[[ Material provided, beginning ]]
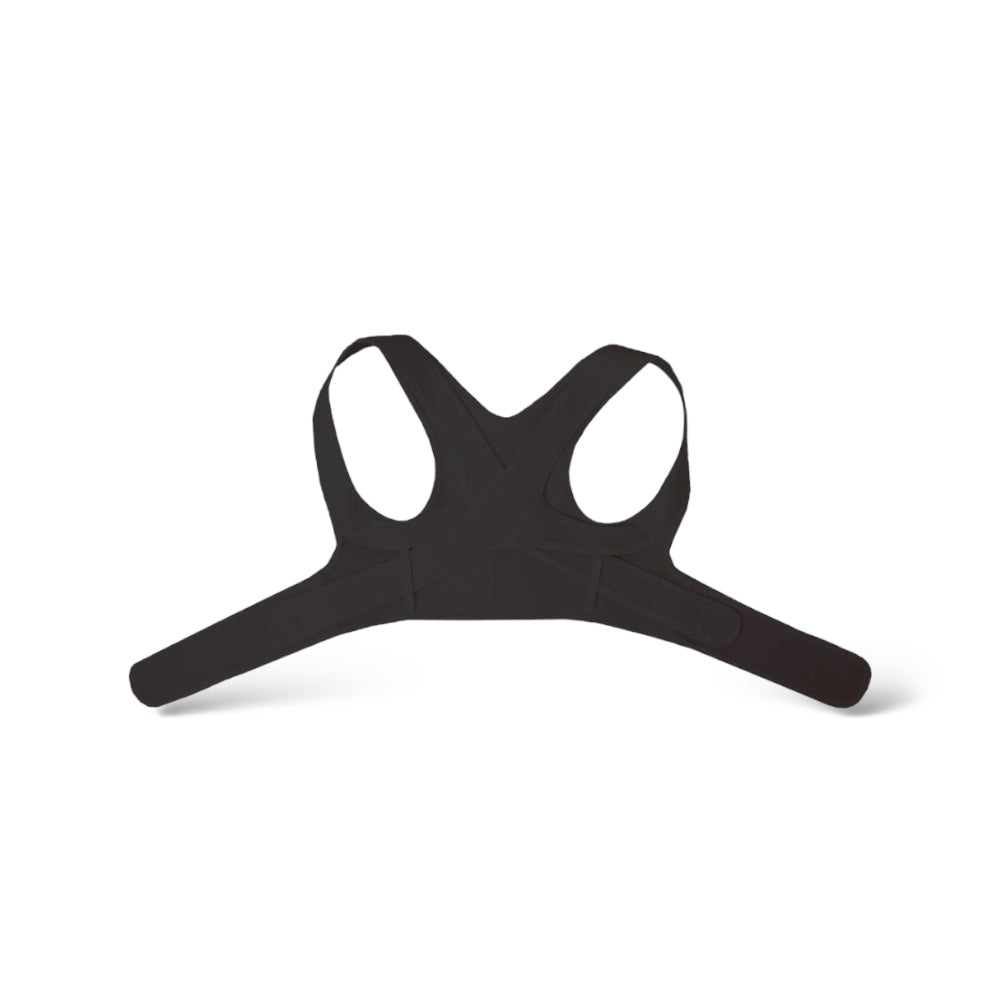 Posture Corrector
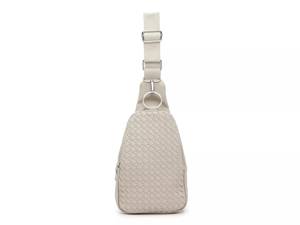 Dsw womens handbags new arrivals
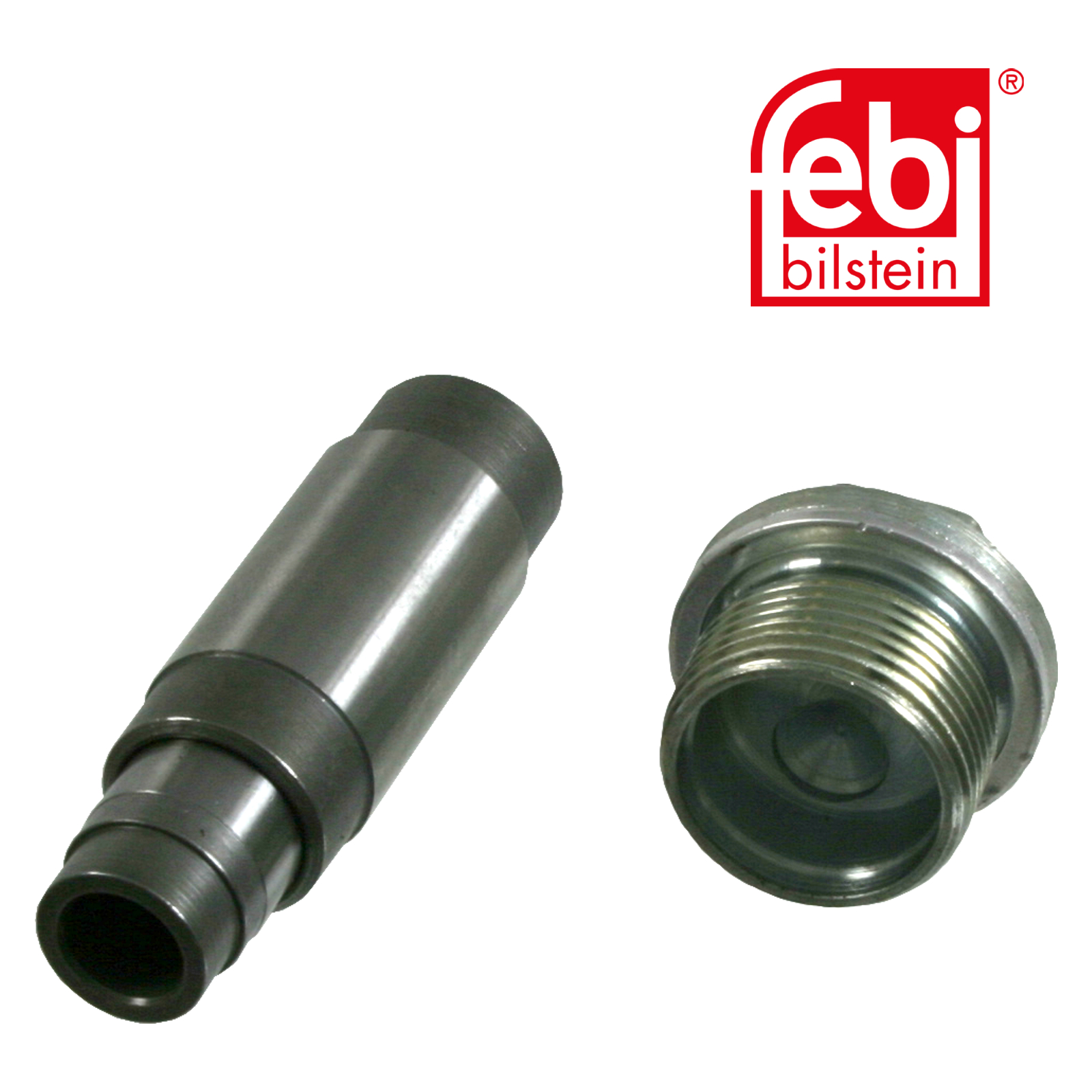 Febi Timing Chain Tensioner 12980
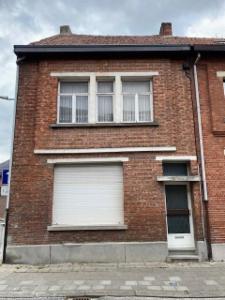 Presentatiebeeld van het pand n° 289116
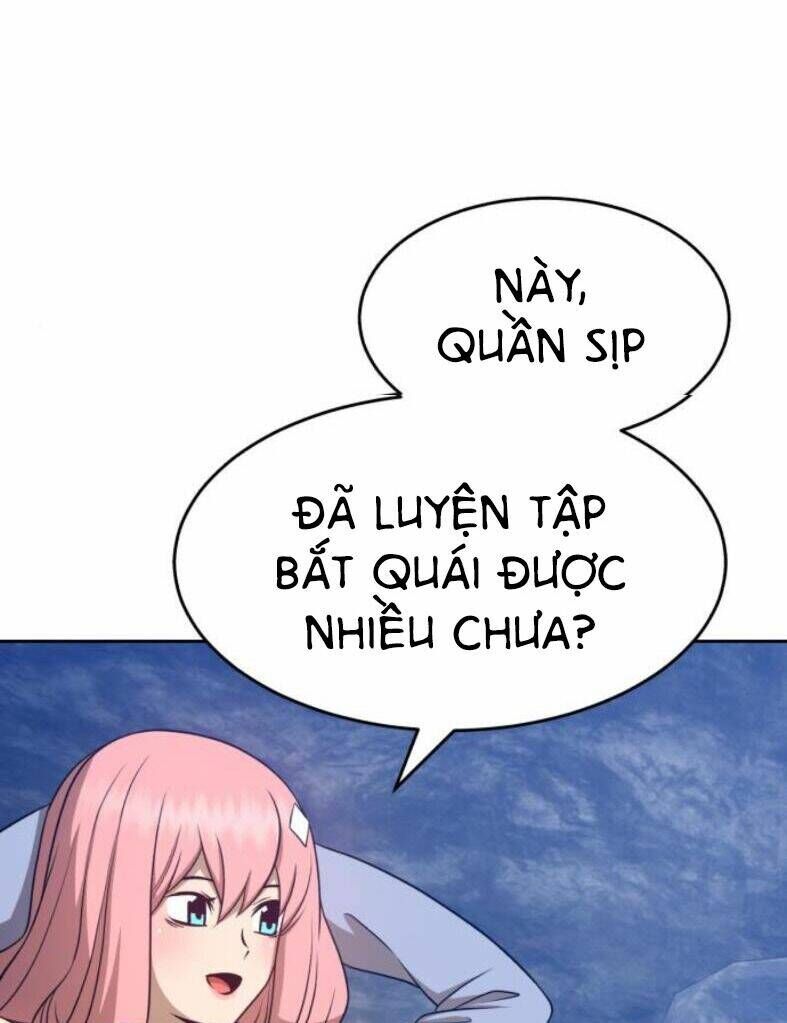 Gậy Gỗ Cấp 99+ Chapter 7 - 62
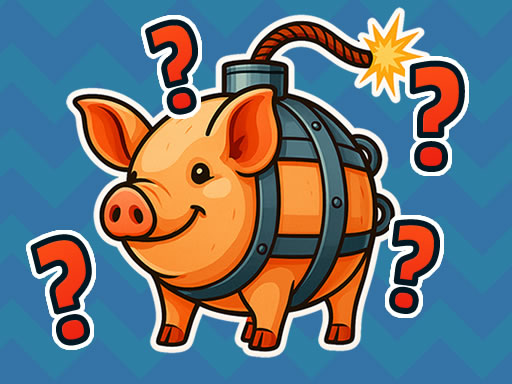 Ghici cine, creier italian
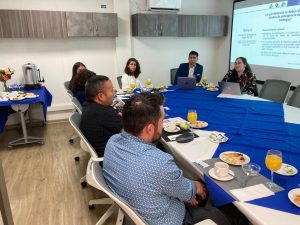 WhatsApp Image 2023-03-23 at 11.31.33(2) WhatsApp Image 2023-03-23 at 11.31.33(2)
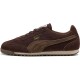 маратонки,мъжки,маратонки,дамски,маратонки,puma,arizona,sd,trainers,brown,(chocolate,fondue,chocolate,gum)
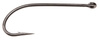 Ahrex NS110 – STREAMER S/E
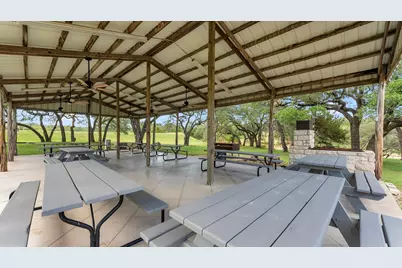 Lot 169 Sonora Drive, Bertram, TX 78605 - Photo 13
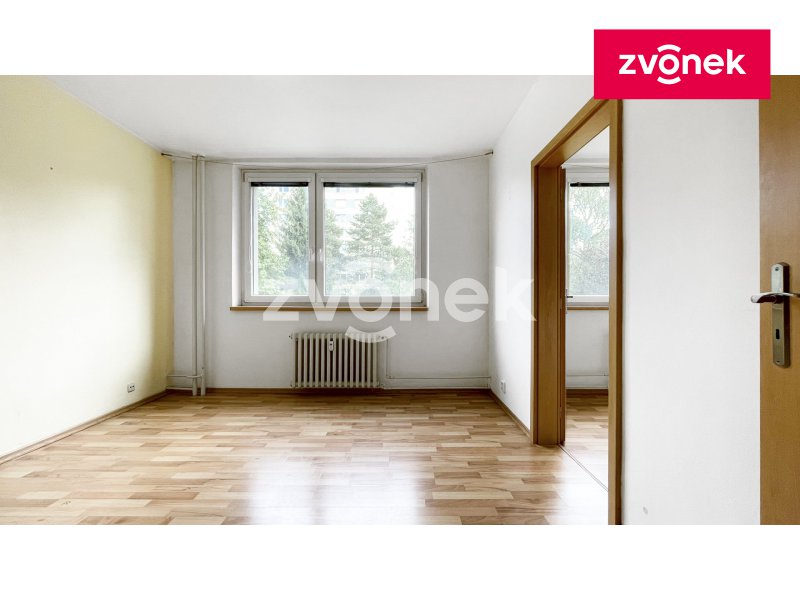 Obrázek k zakázce č.: 723601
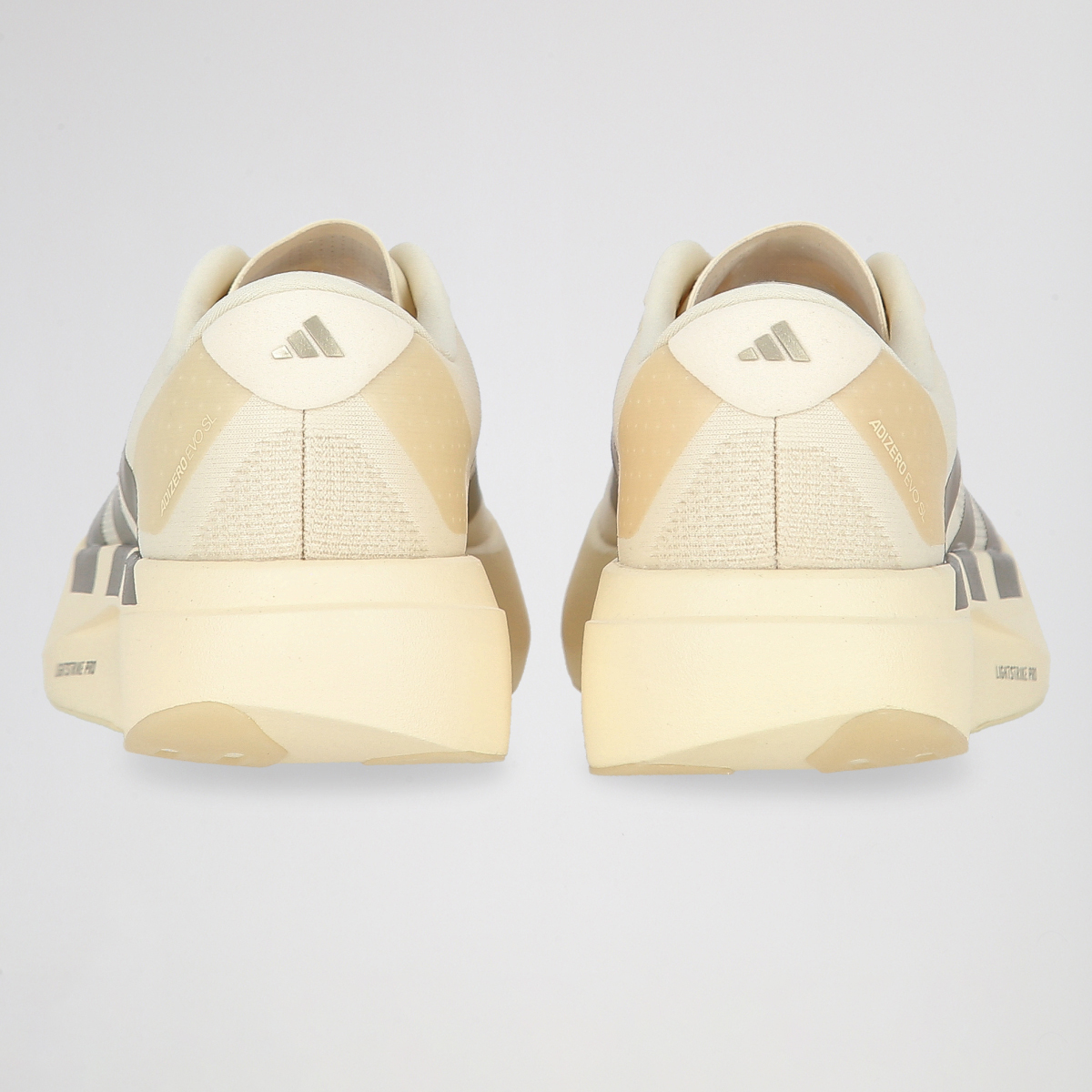 Zapatillas adidas Adizero Evo Sl Running Mujer,  image number null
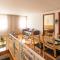 Cisterna Loft - Lamego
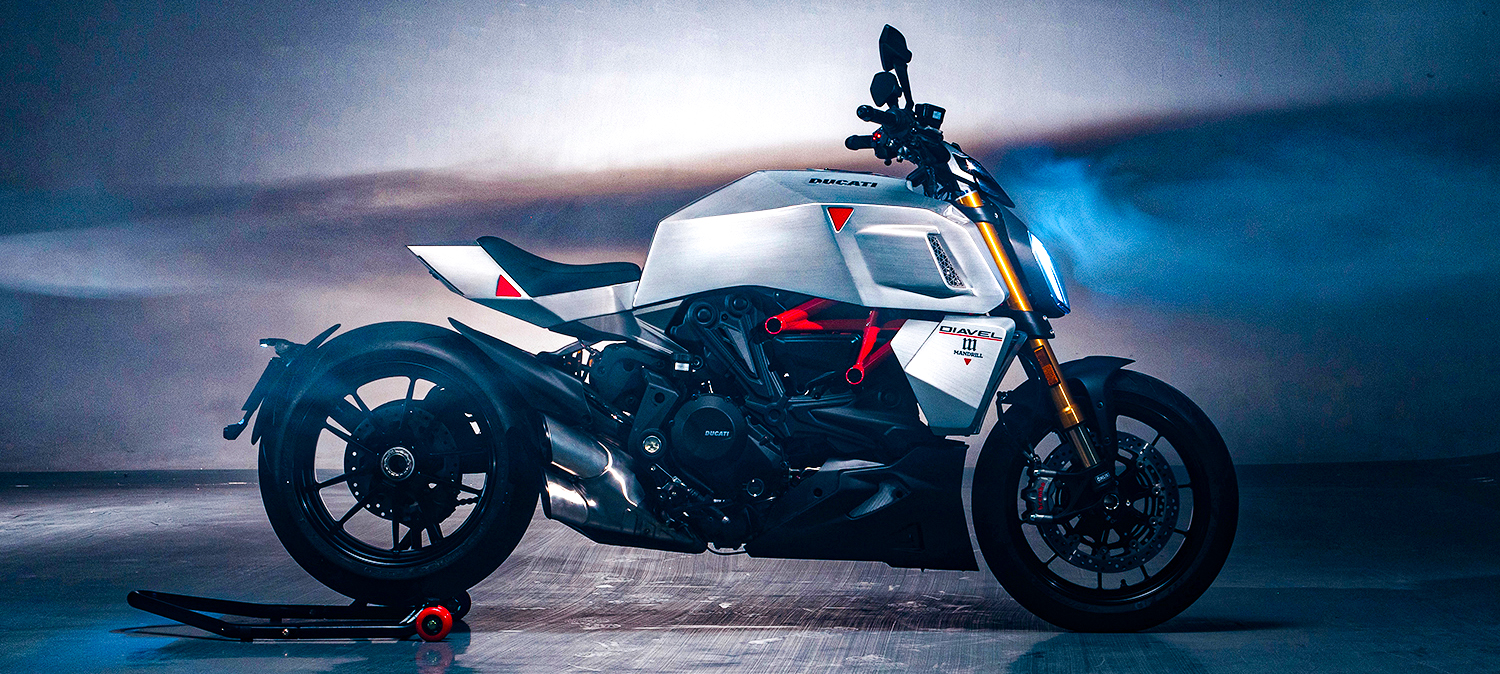 diavel  ivory wa アガベ ③ Yahoo!オークション -「アガベ ivory w.a」の落札相場・落札価格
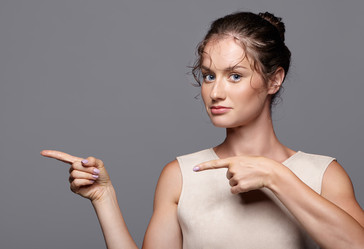 Similar image 20971550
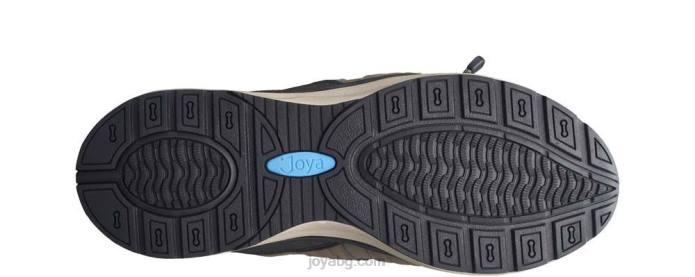 мъже 0BP4G118 como ii кафяво Joya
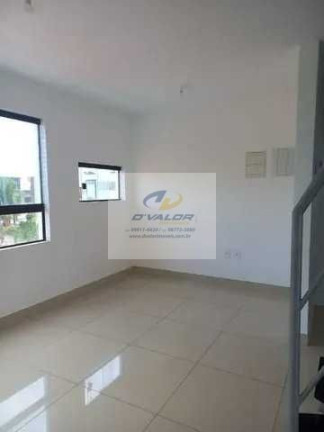 Apartamento com 1 Quarto à Venda, 77 m² em Bessa - João Pessoa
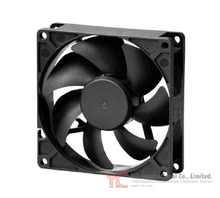 MF92251V3-1000U-F99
[[ Material provided, end ]]
What is needed
Repeat only the lines from the one holding "Apartamento com 1" through the last line of the data, inclusive. Keep the pictures out.

Answer area
 Apartamento com 1 Quarto à Venda, 77 m² em Bessa - João Pessoa
 MF92251V3-1000U-F99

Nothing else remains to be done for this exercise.